Paris [La Maroquinerie]
10/12/2007
Ce qui est bien avec Joseph Arthur (JA), c'est que l'on sait que chaque concert sera original et intense : c'est la quatrième fois que je le vois et à chaque fois, JA, tout en produisant un spectacle différent, m'a bouleversé : beauté des mélodies, puissance de la voix et de l'interprétation, maîtrise technique (la création de samples atmosphériques, éphémères et sublimes, en a scotché plus d'un). Ce soir, plusieurs indices augurent un concert en rupture avec son dernier passage à Paris: la petite salle biscornue de la Maroquinerie, la présence d'un groupe (les Astronauts) à ses côtés, un dernier album rock moyennement convaincant (Let's Just Be) se prêtent peu aux expérimentations picturalo-électroniques. Et puis, les fans les plus attentifs auront noté ces derniers mois un imperceptible changement chez JA : l'homme semble moins sombre, plus apaisé.
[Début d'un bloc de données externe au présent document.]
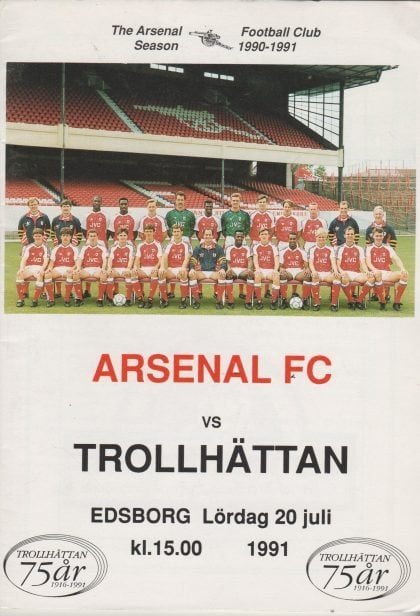 Trollhättan v Arsenal  20-Jul-1991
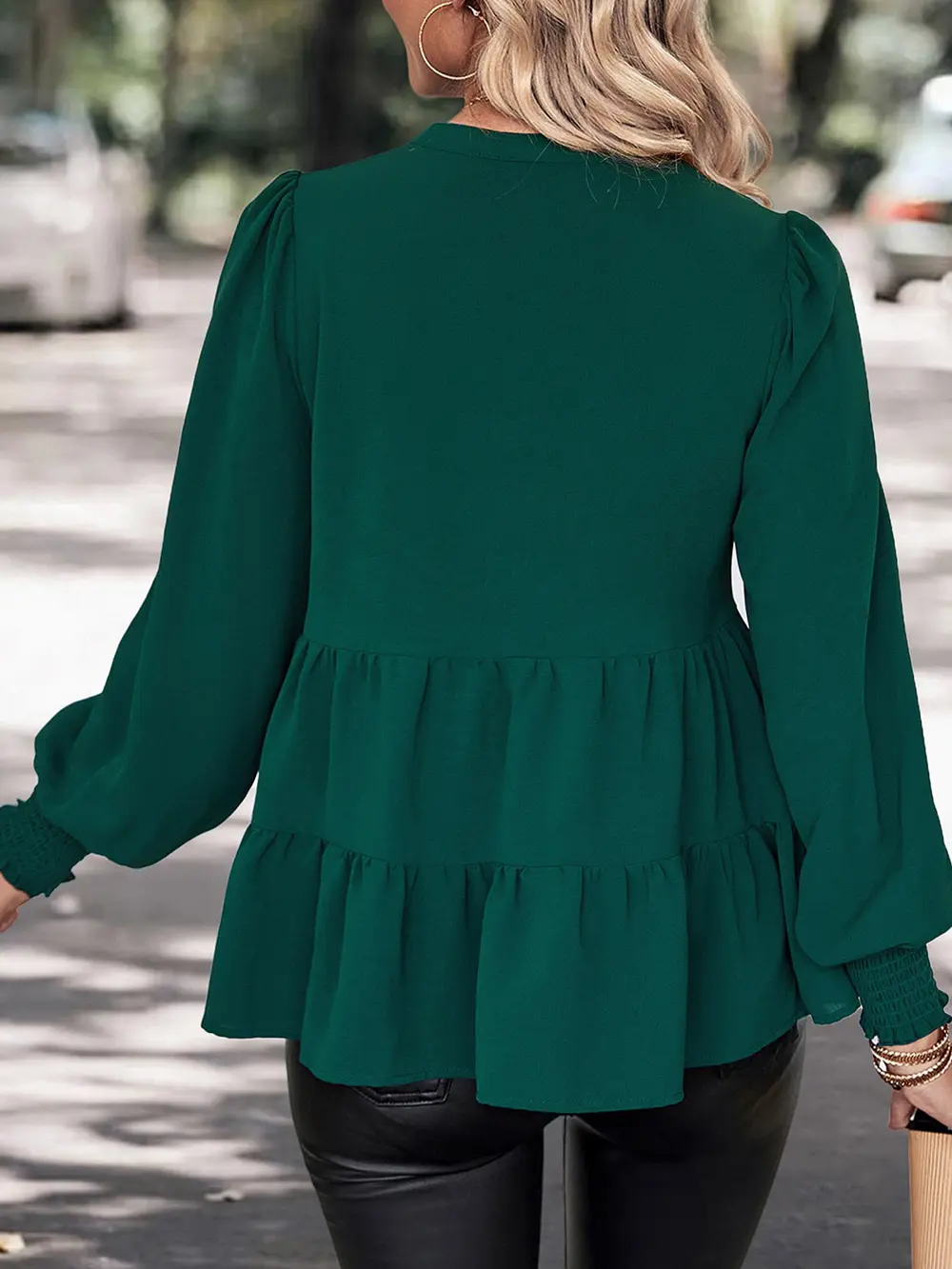 Notched Neck Lantern Sleeve Blouse, image 2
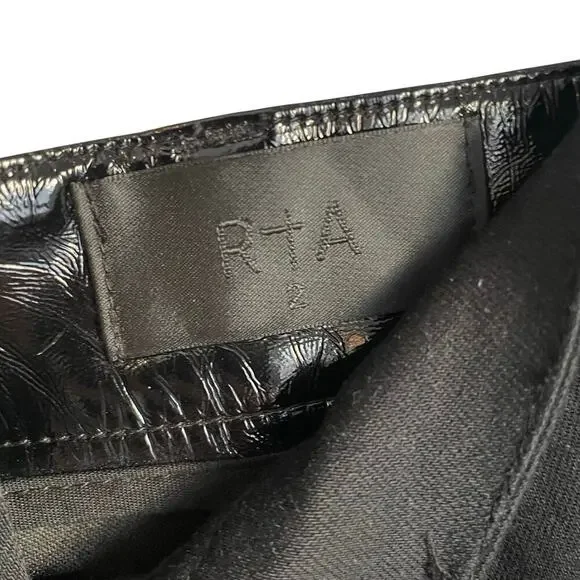 RtA Black Simone Faux Leather Denim Double Sided Mini Skirt Punk Going Out sz 2 - Picture 7 of 8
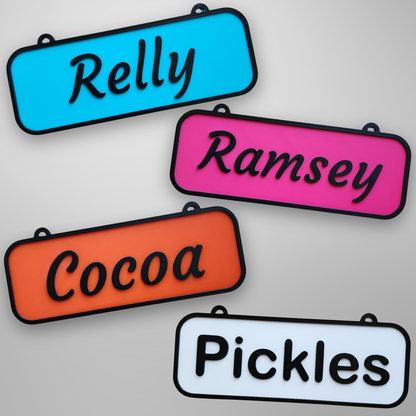 Personalized Pet Crate Sign | Custom Pet Cage Rectangle Nameplate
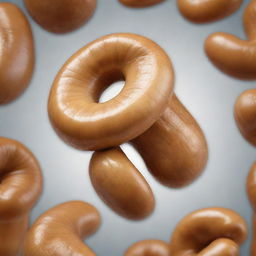 A detailed and realistic image of a cashew nut with a glossy shine capturing its unique shape, texture and color.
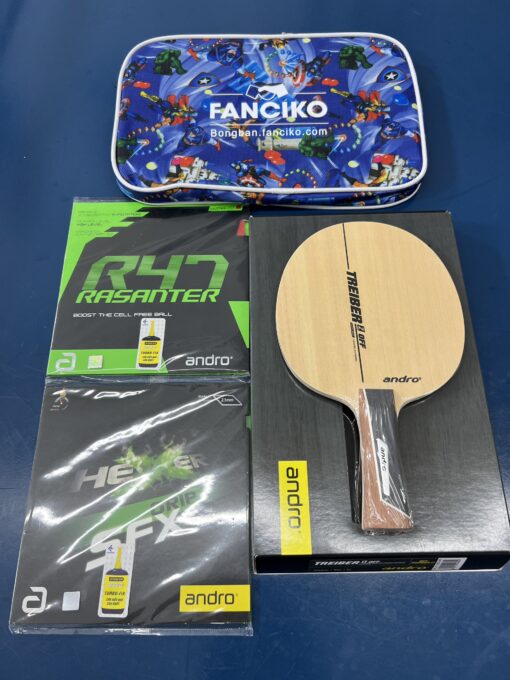 Combo cốt vợt Andro Treiber Z kết hợp mặt vợt Andro Rasanter R47 và Andro Hexer Grip SFX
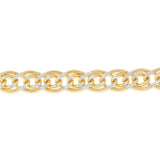 9ct Yellow Gold Silver Filled Two Tone Double 19cm Curb Bracelet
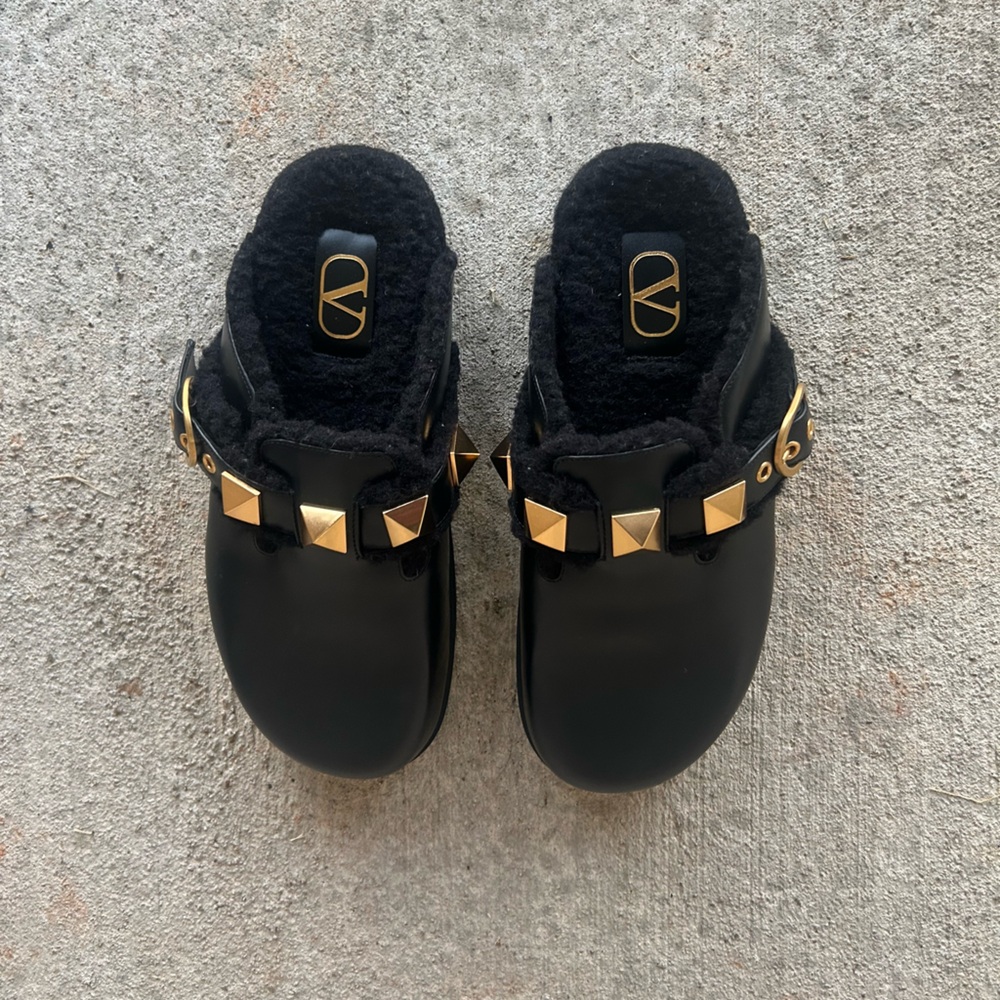 Valentino Garavani Leather Mule with Roman Stud Trim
Lors de l'avant concert, attablé avec ses astronautes au restaurant de la Maroquinerie, il se montre très classe, acceptant de bonne grâce dédicaces et photos.
JA se présente donc sur scène entouré de son nouveau line up : un clavier/guitariste Kraig Jarret Johnson (ex-Golden Smog), la bassiste Sybil Buck et le batteur Greg Wiz de Telescope , la guitariste Jen Turner, ex-Furslide (on en reparlera). Après un premier moment d'inquiétude (cette enceinte qui grésille !), JA se libère peu à peu, alternant les titres de Nuclear Daydream et de Let's Just Be. Le groupe compact et solidaire, le son puissant (presque un peu trop), la réinterprétation péchue ("on dirait les Clash", exagère mon voisin) donnent un nouveau relief à ces titres avec comme points d'orgue "Black Lexus" (émotion certifiée), "I Will Carry", "Diamond Ring". JA entame ensuite la seconde partie du concert, seul sur scène à la guitare sèche avec des classiques ("Honey And The Moon", "Vacancy", "Speed Of Light"...) qu'il expédie gentiment comme un gage à ses premiers fans. On sent cependant que l'humeur de la soirée est ailleurs. Le retour des Astromauts et notamment de Jen Turner (il ne faut pas être grand clerc pour comprendre qu'il se passe quelque chose entre JA et la sublime lead guitariste) lui donne l'occasion de conclure en apothéose le concert qui signe aussi la fin de sa tournée européenne avec un presque final ensorcelant à la guitare cithare.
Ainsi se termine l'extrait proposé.